Looking at before and after pictures of the building is instructive, and something I hadn't done for a long while. But the Alfred P Murrah building was a multi-storey office building with a sheer, flat glass front, in which explosive devices were covertly installed to bring it down via a controlled demolition while another simultaneous terrorist act served to provide the explanation for what had destroyed the building. This sounds awfully familiar.

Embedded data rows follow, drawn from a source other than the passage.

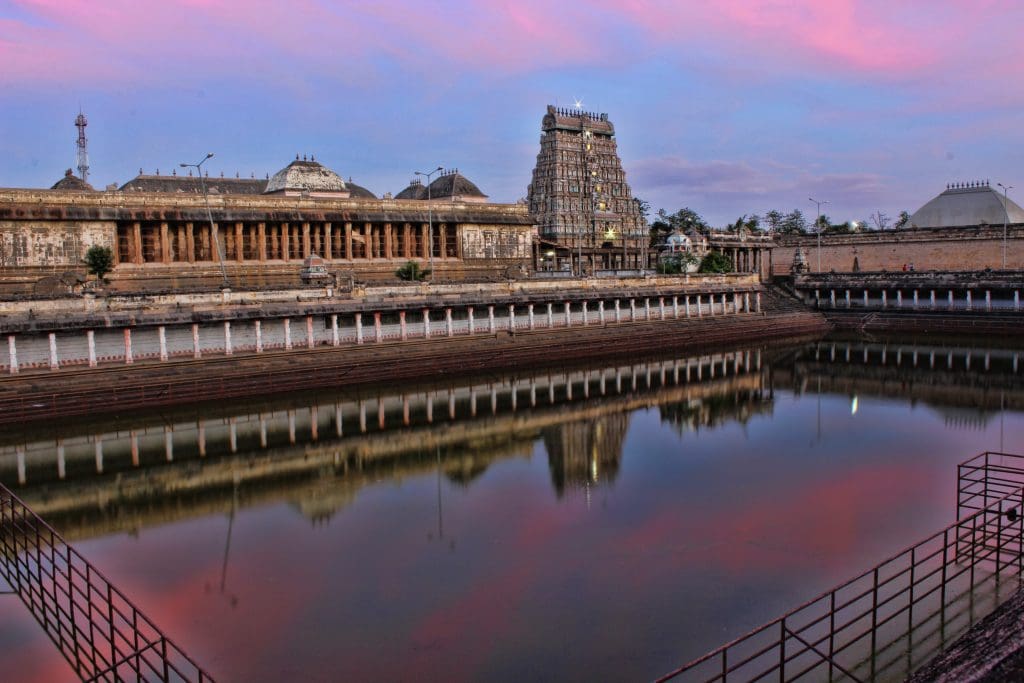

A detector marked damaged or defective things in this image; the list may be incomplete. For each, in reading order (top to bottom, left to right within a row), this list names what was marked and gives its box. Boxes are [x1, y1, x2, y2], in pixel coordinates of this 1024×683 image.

rusted metal railing [0, 483, 211, 679]
rusted metal railing [655, 450, 1024, 679]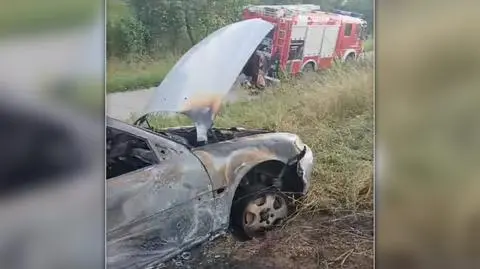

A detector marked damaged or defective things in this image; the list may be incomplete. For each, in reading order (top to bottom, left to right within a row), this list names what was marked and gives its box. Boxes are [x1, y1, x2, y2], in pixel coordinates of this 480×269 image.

burned car [106, 18, 316, 268]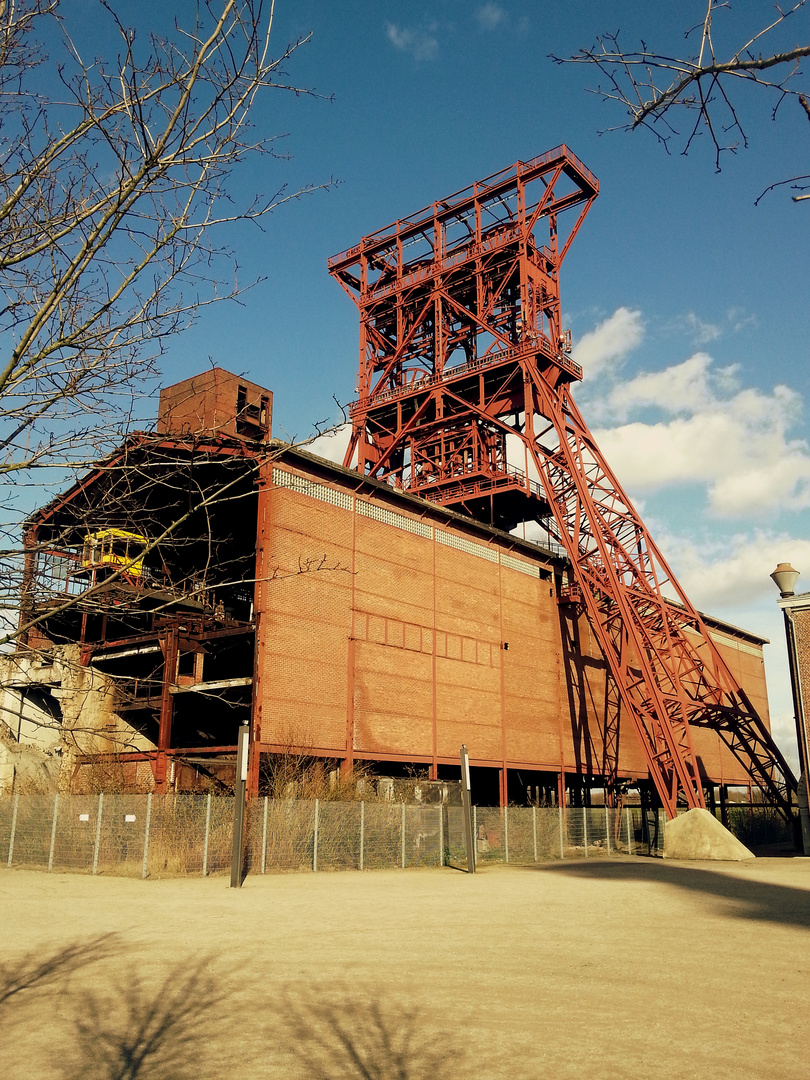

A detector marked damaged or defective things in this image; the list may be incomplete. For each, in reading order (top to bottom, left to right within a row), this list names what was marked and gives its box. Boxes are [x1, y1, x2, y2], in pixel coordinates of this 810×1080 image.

rusty metal structure [330, 143, 796, 820]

In the case of the false flag events that hit the US, some of us - and I'm not excluding myself - are occasionally guilty of missing the forest for the trees. So there will be discussion about anomalies and what witnesses saw and government lies and who the patsies were, but some bigger parts of the story sit waiting at the back of the queue. But I know everyone here likely has some good opinions on it.
Here is mine. I think 9/11 required significant planning and preparation. It required that insiders have access to airline security systems and procedures. It required that insiders have access to security systems and procedures in the WTC, and it required that those same insiders could successfully bring down a multi-storey office building with a sheer, flat-glass front using multiple explosive devices.

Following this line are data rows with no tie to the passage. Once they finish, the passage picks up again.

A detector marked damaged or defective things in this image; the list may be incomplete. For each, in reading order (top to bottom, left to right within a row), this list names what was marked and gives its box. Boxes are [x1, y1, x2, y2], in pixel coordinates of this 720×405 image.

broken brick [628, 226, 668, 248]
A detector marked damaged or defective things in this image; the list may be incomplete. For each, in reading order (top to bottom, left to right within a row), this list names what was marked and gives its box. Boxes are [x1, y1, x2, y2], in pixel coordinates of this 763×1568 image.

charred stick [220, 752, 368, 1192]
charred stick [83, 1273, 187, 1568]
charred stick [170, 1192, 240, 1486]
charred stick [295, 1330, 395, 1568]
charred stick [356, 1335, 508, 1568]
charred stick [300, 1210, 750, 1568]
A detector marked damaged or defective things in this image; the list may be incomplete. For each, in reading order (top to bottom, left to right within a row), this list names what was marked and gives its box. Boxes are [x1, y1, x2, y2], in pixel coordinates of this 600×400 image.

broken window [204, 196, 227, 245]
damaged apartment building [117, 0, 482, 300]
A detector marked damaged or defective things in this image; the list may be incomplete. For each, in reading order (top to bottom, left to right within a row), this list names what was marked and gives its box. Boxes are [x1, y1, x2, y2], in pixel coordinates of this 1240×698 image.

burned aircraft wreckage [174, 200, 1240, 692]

In 1988, the Lockerbie bombing allowed insiders to thereafter gain access to airline security systems and procedures. After the bombing, the US government sponsored an investigation into the broad theme of terrorism prevention, and as part of that investigation, groups were permitted to scope out and investigate and document airline security procedures. You can find this cited in the reports released by the Office of Technology Assessment titled TECHNOLOGY AGAINST TERRORISM - THE FEDERAL EFFORT, and TECHNOLOGY AGAINST TERRORISM - SUSTAINING SECURITY, both of which are online, and where this is cited explicitly. Rumsfeld's later terrorism advisor' at RAND, Brian Jenkins, was a member of the group who participated in this, and he isn't the only name of interest in the group who did that work.
After the WTC bombing, another similar investigation occurred, looking at the security system of that building. In his book ANOTHER 19, Kevin Ryan cites Jenkins as either being part of that investigation, or of running it.
If you have access to airline and aircraft security systems, and access to the internal workings of the WTC buildings, you're well on the way to having a lot of what you need to get started on the 9/11 conspiracy. But the final part of the equation is that you're going to need to bring the buildings down on 9/11, you're going to need to do that part right, and somewhere along the way, a good time out from the event itself, you're going to need to blow up a building - preferably one with a somewhat similar design or layout to the WTC, but on a smaller scale - to see if your multiple explosive devices are going to work and initiate a collapse the way that you think they will, or if further testing - or replacement methods - will be required. So while Peter Dale Scott and others have documented how Oklahoma advanced steps towards the Patriot Act and other civil liberty restrictions, I think the Oklahoma bombing itself should be considered in light of a group that was very determined to carry out a much larger bombing event just a handful of years down the track, and was determined to have that later event be as well-rehearsed and studied and prepared as they needed it to be.